There are practical as well as commercial arguments that can be made in favor of horse slaughter. There are ethical and environmental reasons to oppose it.

Horse slaughter proponents see the matter primarily in terms of dollars and cents. The so-called “killer buyers” who purchase horses on behalf of slaughterhouses typically shop at auction, where they pay anywhere from twenty  cents to $1 per pound (or about $200 to $1,000 per horse, depending on market conditions). The animals are then shipped to Canada or Mexico, the two North American countries that currently have equine slaughter facilities. There the meat is processed. The end product is sold to countries like France, Belgium and China for $20 to $30 per pound.

“The closure of the horse processing plants has completely decimated the market for horses,” Sue Wallis, a Wyoming state representative and an outspoken proponent for the slaughter movement, wrote in an online post to the Gillette News Record in June. “There is zero market for lower-end animals. The value of all horses has plummeted from 30% to 80%. If you have spent your lifetime building your assets in horses, you have seen your net worth disappear in the last two years.” Wallis went on to assert the legitimacy of “harvesting a horse for food.”

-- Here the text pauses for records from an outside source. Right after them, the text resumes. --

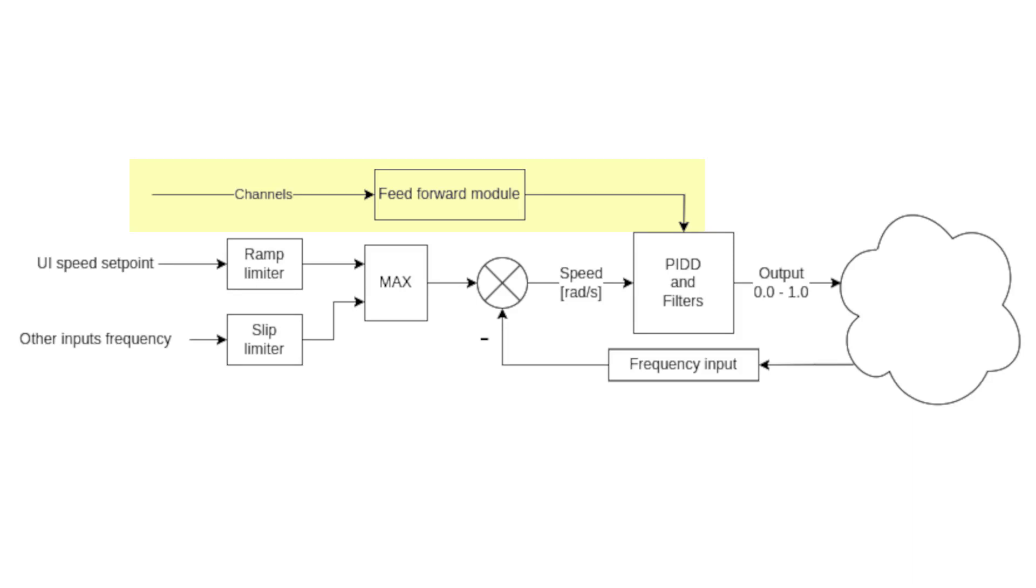Hello! Today I'll show you how to use one of the advanced features of the PID controllers in Dyno2 software – the feedforward.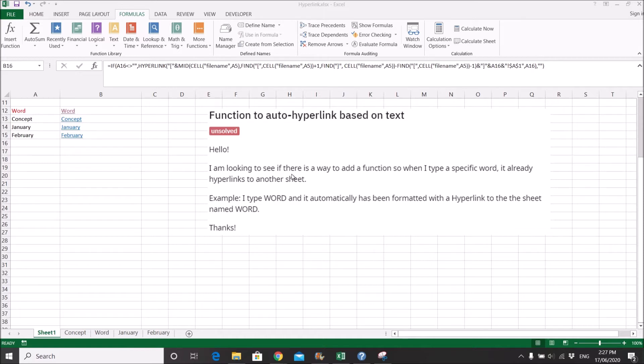I am looking to see if there is a way to add a function so when I type a specific word, it already hyperlinks to another sheet. Example: I type word and it automatically has been formatted with a hyperlink to the sheet named word.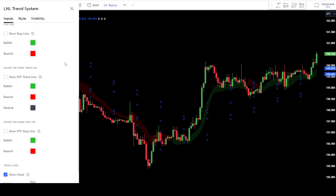Next, there's the Show Higher Timeframe Trend Line section. This is similar to the Show Trend Line we discussed earlier, but this Show Higher Timeframe Trend Line is for monitoring higher time frames. For this example, we won't be using this option.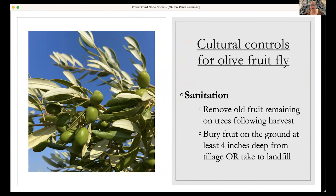For cultural controls: sanitation, sanitation, sanitation. Remove old fruit remaining on trees following harvest and bury fruit on the ground at least four inches deep through tillage, or take it to the landfill. When you allow olives to remain on the tree or on the ground, the olive fruit fly that pupated in those olives becomes your beginning population for the next season. Removing them from your orchard reduces the population naturally.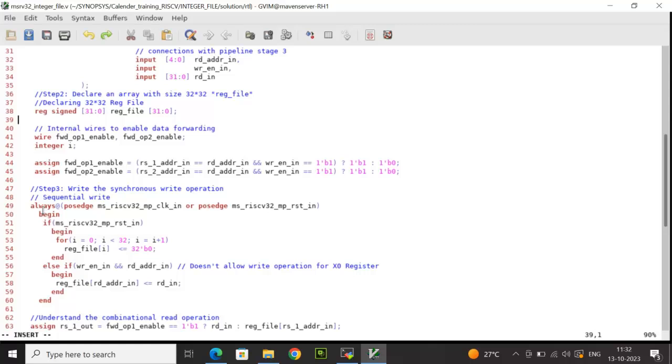So always at positive edge of the clock or positive edge of reset, I'm using the reset signal to initialize all the registers to zero using a for loop. The loop iterates for 32 times. In the else if part, I'm using the condition write enable and checking rd address in should not be equal to zero.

Many pro-slaughter advocates argue that the U.S. is missing out on a lucrative sales opportunity. Possibly in terms of cost per pound, but the last two slaughter plants operating here., which were closed in 2006 and 2007, were owned by European corporations, and the windfall profits accrued overseas. In 1989, the height of U.S. slaughter, an estimated 350,000 horses were processed for food (more than 10 times the number killed in Canada and Mexico combined).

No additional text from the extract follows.